There are thousands of people who would buy leftover Cipro. You could probably sell asprin tablets as Cipro in the US right now.
Back to lawn ornaments, or as my sister mispronounced on occasion, ‘ordamints’: there’s a house in Mediapolis whose lawn is completely covered with absolutely everything. The yard is relatively tiny, which seems to make it even worse. Not only is the yard full of crap, but I think there’s stuff in the windows too. I don’t even want to know what it look like inside.
One of my friend has a yearly party at what is now called ‘Camp Flamingo’. I beleive it just started with a couple plastic flamingos, but then someone bought some flamingo xmas lights, and it just went from there. It’s a nice place, though, just covered in flamingo stuff. I built him a flamingo that’s eight feet tall out of wood, to which is attached a bunch of small flaming sticks collectively known as ‘lancework’. Ever seen a flag at a fireworks display? Same idea, just a flamingo eight feet tall.
My econ/government teacher in High School was a nice guy. We had a lot of fun, he was the type of teacher who would get you to learn the required stuff when it needed to be learnt, but could also be completely distracted from the topic at hand into telling stories about pretty much anything. Essentially, he was one of the more popular teachers, and thus was the target of many pranks. One such prank was the theft of a wooden wagon wheel that he had at the end of his lane. It was then presented back to him at the yearly student-run talent/comedy show thing. Lots of laughs.
Now it’s in exactly the same spot, but achored with iron bar and concrete.
I couldn’t resist the lawn (actually deck) goose myself, it is my one tacky indulgence if you don’t count the 2 flamingoes wearing lifeguard shirts by the pool. Hey I made those T-shirts myself…
Several years ago all the lawn jockeys in my town were stolen in one night. Left in their places were a sign saying “Freed by the Lawn Jockey Liberation Society”. Now I know where they all went.
This summer a local couple had a dozen or so garden gnomes stolen from their yard and wrote a touching letter to the editor explaining how they had collected them from all over the world and how it was just like losing members of the family. A local TV station did a little piece on them and a reward was offered. The renegade gnomes were later found on a local baseball diamond arranged as if playing the game–including the one sliding into home and being tagged out.
Aside from a candle and wreath in each window, the only additional christmas decorating I’ve done is put a santa cap on my gargoyle. He is sooooooo cute.
I just remembered another San Diego-area example of yard creativity. This one is in Poway; it’s a garden of balancing rocks. The whole front yard is brown gravel, and all along the front edge are two-rock combos in which a large, roundish rock is uneasily balanced on a tall, narrow rock. They must be epoxyed or drilled with a support rod or something, but they kind of make the hair on the back of my neck stand up.

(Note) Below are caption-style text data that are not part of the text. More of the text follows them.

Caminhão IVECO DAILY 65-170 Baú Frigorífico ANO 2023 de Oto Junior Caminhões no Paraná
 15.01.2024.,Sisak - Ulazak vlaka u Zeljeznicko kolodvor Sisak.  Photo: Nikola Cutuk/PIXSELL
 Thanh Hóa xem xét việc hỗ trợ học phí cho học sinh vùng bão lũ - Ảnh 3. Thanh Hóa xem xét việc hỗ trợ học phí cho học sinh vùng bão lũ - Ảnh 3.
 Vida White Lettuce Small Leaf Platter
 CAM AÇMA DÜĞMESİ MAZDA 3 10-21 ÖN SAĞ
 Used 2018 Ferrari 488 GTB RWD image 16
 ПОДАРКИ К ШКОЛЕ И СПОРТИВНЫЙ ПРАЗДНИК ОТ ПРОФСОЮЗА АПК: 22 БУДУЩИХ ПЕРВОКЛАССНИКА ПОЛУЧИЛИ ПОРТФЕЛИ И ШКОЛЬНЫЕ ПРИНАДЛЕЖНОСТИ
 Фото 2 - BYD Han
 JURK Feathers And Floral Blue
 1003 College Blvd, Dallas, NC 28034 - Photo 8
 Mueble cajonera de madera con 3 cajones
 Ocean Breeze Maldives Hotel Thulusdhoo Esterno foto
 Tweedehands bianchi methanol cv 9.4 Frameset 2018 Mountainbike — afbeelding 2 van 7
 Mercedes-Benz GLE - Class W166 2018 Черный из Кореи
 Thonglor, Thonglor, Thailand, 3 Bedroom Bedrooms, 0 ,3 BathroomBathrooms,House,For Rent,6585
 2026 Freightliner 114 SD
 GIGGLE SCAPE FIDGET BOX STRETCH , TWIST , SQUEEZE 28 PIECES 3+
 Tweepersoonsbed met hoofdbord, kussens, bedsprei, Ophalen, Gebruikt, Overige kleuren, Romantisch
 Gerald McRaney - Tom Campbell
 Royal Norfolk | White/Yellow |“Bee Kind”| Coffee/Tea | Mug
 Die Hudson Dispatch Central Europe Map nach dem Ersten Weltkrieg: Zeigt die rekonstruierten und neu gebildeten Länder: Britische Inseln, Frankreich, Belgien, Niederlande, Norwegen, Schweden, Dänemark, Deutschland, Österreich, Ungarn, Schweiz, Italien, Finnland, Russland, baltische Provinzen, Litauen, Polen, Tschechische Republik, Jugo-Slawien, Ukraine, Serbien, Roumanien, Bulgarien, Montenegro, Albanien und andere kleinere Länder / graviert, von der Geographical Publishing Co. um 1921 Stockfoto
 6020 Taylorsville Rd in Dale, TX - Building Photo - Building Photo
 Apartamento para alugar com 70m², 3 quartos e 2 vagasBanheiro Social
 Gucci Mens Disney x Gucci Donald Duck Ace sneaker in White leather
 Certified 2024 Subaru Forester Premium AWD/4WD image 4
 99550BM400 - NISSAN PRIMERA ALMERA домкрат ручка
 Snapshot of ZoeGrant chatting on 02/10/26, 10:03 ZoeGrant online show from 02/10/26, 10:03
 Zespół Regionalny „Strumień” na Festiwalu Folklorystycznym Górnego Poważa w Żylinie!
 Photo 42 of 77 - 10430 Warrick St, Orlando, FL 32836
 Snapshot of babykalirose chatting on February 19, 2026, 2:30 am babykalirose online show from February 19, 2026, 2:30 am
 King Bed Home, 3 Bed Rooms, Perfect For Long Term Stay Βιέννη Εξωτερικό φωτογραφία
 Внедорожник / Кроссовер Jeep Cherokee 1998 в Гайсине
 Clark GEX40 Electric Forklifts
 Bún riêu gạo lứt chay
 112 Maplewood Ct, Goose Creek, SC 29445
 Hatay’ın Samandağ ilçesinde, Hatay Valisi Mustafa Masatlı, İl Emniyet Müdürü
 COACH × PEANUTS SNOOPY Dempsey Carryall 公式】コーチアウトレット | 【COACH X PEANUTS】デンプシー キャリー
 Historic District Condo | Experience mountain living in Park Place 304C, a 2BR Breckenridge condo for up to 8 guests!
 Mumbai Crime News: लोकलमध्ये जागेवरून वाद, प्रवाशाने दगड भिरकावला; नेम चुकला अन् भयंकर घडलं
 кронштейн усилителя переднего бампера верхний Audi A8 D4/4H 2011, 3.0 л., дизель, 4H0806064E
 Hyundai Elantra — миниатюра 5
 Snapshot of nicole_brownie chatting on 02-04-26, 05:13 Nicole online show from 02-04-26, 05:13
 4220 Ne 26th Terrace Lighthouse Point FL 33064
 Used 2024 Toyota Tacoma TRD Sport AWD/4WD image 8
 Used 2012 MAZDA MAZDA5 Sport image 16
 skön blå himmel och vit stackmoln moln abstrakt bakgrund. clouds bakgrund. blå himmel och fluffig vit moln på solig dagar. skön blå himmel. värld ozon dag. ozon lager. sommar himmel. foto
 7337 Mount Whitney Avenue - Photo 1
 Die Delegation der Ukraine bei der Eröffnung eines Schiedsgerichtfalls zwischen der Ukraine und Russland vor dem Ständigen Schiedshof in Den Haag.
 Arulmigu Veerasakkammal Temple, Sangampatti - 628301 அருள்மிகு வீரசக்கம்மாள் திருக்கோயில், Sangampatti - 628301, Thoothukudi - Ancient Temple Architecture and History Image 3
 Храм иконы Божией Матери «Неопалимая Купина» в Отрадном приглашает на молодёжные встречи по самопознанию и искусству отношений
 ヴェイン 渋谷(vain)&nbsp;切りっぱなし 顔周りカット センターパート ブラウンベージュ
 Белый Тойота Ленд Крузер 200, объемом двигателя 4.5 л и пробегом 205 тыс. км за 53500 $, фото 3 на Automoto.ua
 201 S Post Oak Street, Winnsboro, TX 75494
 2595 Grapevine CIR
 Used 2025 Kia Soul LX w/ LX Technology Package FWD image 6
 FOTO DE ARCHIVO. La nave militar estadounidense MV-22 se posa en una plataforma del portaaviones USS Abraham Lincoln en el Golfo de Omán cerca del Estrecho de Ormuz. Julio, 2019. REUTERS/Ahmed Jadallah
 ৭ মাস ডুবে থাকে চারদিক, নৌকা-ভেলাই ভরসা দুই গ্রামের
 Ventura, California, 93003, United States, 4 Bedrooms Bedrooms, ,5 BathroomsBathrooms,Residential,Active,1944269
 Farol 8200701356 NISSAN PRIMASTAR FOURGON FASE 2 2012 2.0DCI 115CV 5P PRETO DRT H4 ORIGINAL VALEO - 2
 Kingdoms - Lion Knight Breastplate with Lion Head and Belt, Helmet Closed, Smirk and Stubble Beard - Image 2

i had a “friend” for a while who never had an original thought in her life. any time i would say i was going to do something, she would run out and do it first, from decorating my home to buying clothing. if i said that i was looking for tiles with herbs on them for my kitchen, the next time i went to her house, she had 5 of them in her kitchen. if i said that i was buying an aquarium, she had one the next day. at first i took it as a compliment, but after a while it got really annoying. sooooo, i told her that i was getting a garden gnome for my garden. 3 days later there was one in her front yard. then, told her i was putting one of those victorian gazing globes in the yard. she got one the next day. two days ago i told her i was getting pink flamingoes.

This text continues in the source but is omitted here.